Хлопнувшие дверцы подъехавшего к кладбищу джипа остались по другую сторону сознания профессора. Но сухой и твердый звук автомобильной дверцы отразился на лицах Хазара и двух его телохранителей гримасами нетерпеливого ожидания. Хазар ждал возвращения с пляжа своих людей, а телохранителям было невыразимо скучно. Если профессор развлекался тем, что вспоминал пережитое и прочитанное, то такого запаса впечатлений у этих ребят не было. Вся их жизнь, если судить ее исходя из критерия духовной наполненности, могла бы уместиться на одной стороне монеты.
В то время как братки обратили взоры к проходу среди могил, где маячили светлые рубашки их товарищей, в глубине сознания Арсения Адольфовича критскими сокровищами со дна сгинувших эпох всплывали монеты, керамика, амфоры, найденные им в слое золы и камня. Он видел десятки разрушенных домов, остатки погибшей винодельни и плиты мощеных двориков. Гончарная печь, полная золы и углей, чье тепло по прихоти варваров было сметено всепожирающим пламенем пожарищ, таила в себе горшочек с ручками в виде стилизованных зверюшек, который гончар не успел вытащить. Это свидетельство прерванности спокойной жизни силой исторического масштаба (в лице варваров) отозвалось в душе студента Арсения пронзительной болью. Он видел себя откапывающим пифосы и амфоры, вернее, их осколки.
Вазы были раздавлены обрушившимися на них кирпичами и балками. И снова монеты – третьего века нашей эры, времени гибели Горгиппии.
– Ну, что вы на это скажете, уважаемый профессор? – Хазар держал на раскрытой ладони три серебряные монеты и одну медную, которые его подручные обнаружили в палатке Иннокентия.
Это были монеты времен правления Митридата Шестого Эвпатора. Сердце в груди Арсения Адольфовича подпрыгнуло, а потом слетело на дно желудка.
Имя Митридата всколыхнуло его отравленную ностальгическими воспоминаниями душу.
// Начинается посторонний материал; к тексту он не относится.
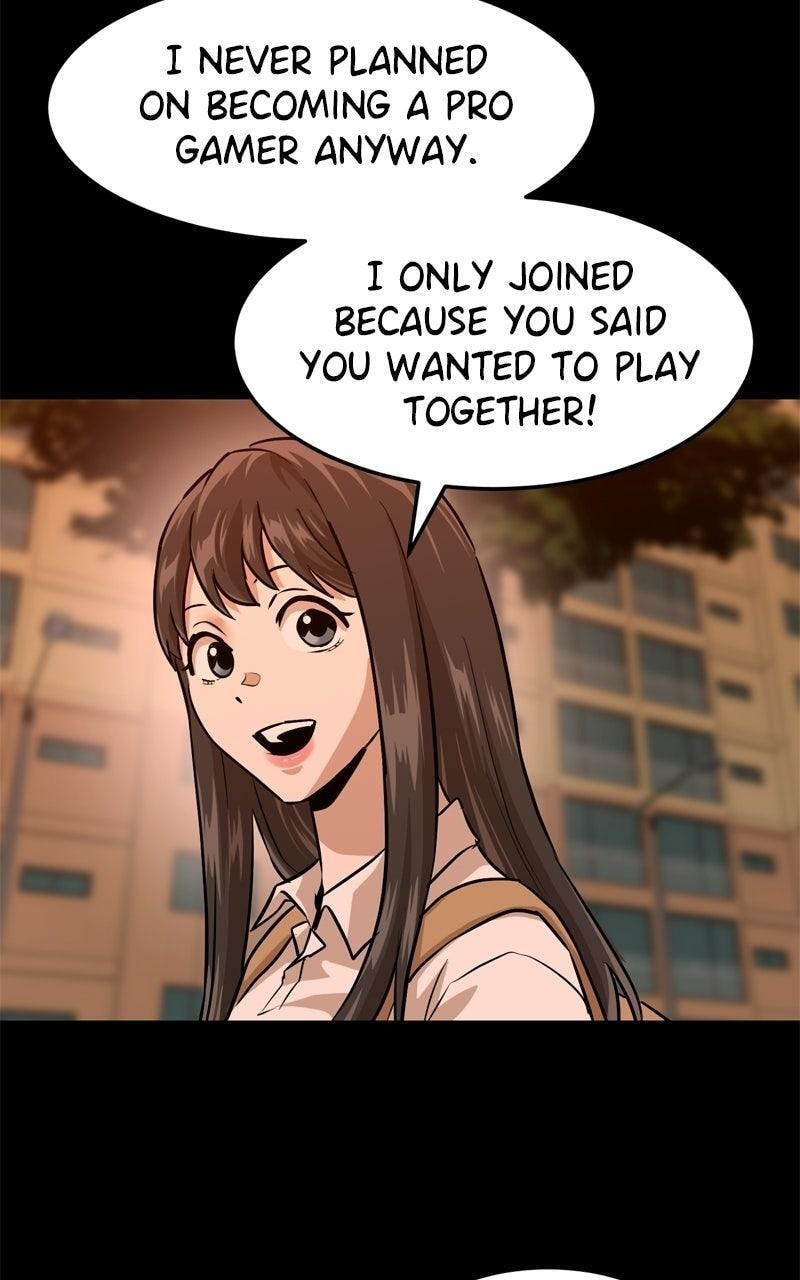 Read Double Click chapter 219 image 88 on Lezhin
Его глаза слезились, но и сквозь влажный туман видел он четкие рельефные изображения на лицевых сторонах серебряных дидрахм – голову Артемиды с бегущим оленем и голову юного Диониса с именем города в центре плющевого венка. Трибола хранила изображение Диониса с тирсом.
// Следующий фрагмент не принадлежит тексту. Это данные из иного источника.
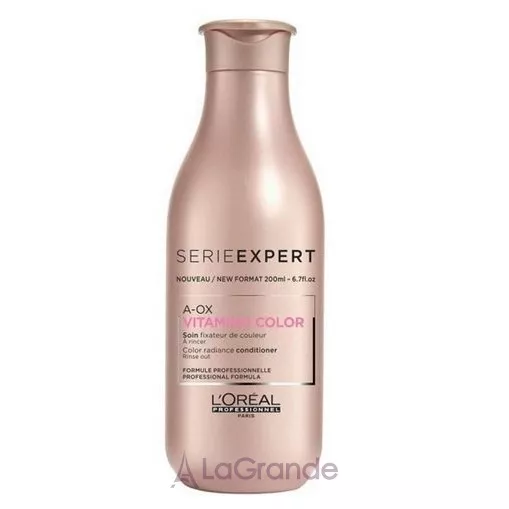 L'Oreal Professionnel Vitamino Color Creme A-OX ����������� ��� ����������� �������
Медный тетрахалк, изъеденный проказой времени, являл голову Аполлона.
Медь по выносливости не шла в сравнение с серебром. Во влажной земле медные монеты, сильно окислившиеся, буквально рассыпались в руках.
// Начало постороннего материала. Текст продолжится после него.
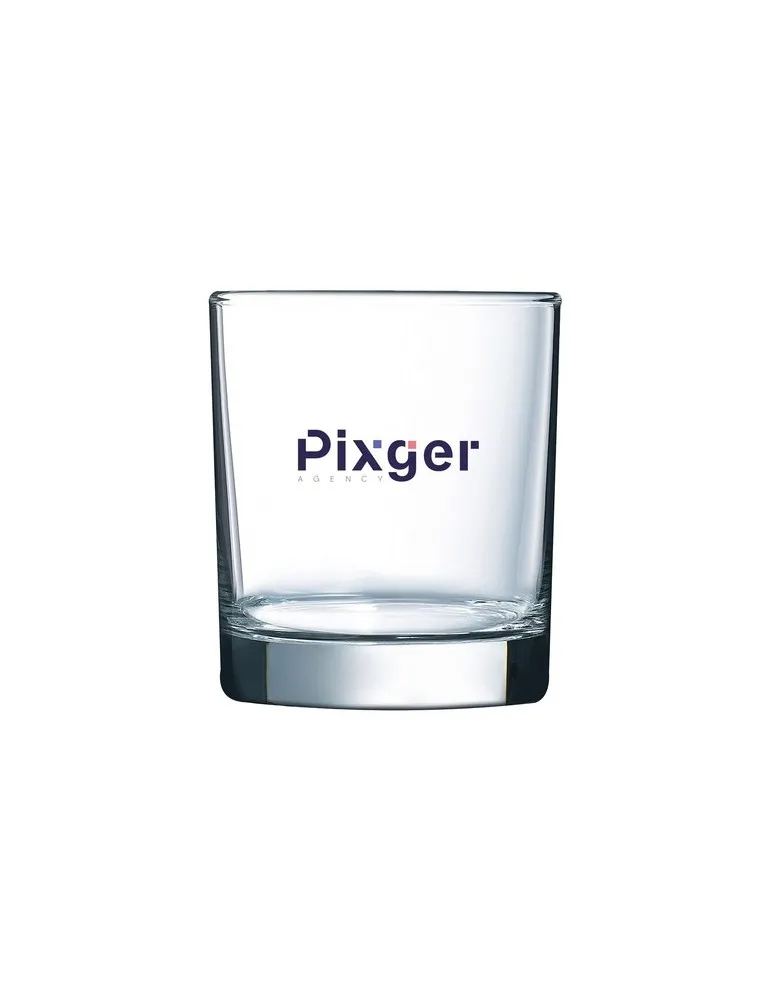 Scott Verre d’eau 300 ml cadeau entreprise pas cher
Край монеты был волнообразно срезан, но изображение почти не пострадало.
Взгляд зачарованного профессора с трудом оторвался от монет и скользнул по лицам ухмыляющихся братков.
– Мы ему, короче, дали понять, что надо делиться, – докладывал излучающему довольство Хазару мордастый Леха. – Парень вначале заканючил, но мы его образумили, – хвалился он, – отдал все. Была там еще какая-то свинцовая трубка, мы ее не взяли – хрень какая-то.
– Вы не взяли свинцовую трубку?! – ужаснулся профессор.
– А чего, она тебе нужна? – пожал плечами Хазар.
– Эти трубки хранят письмена! Нужно немедленно ее найти! – От волнения профессор перешел на крик.
Хотя крик получился глухим и сдавленным.
– Мне всякие там каракули не нужны, – отмахнулся Хазар, – ты лучше на монетки взгляни. Стоящие?
– Не так чтоб очень, хочу вас разочаровать. Они, конечно, представляют определенную ценность в качестве исторических экспонатов, но возиться с ними предпринимателю такого масштаба, как вы, не стоит.
– Чего он тебе мозги пудрит! – встрял Леха. – Этот аквалангист нам сказал, что монеты стоящие, парень в институте учился…
Видели б вы его рожу, когда мы у него мешок отняли!
Леха засмеялся грубо и раскатисто. Братки вторили ему судорожным подростковым хохотом. Громкие возгласы выражали восторг и глумление. Братки сговорились не открывать всей правды своему начальнику, которому наверняка не понравилось бы то, что они так лопухнулись. А их надсадный гогот как раз и маскировал их досаду и озлобленность.
Профессор, почувствовав, что раскрыт, напрягся.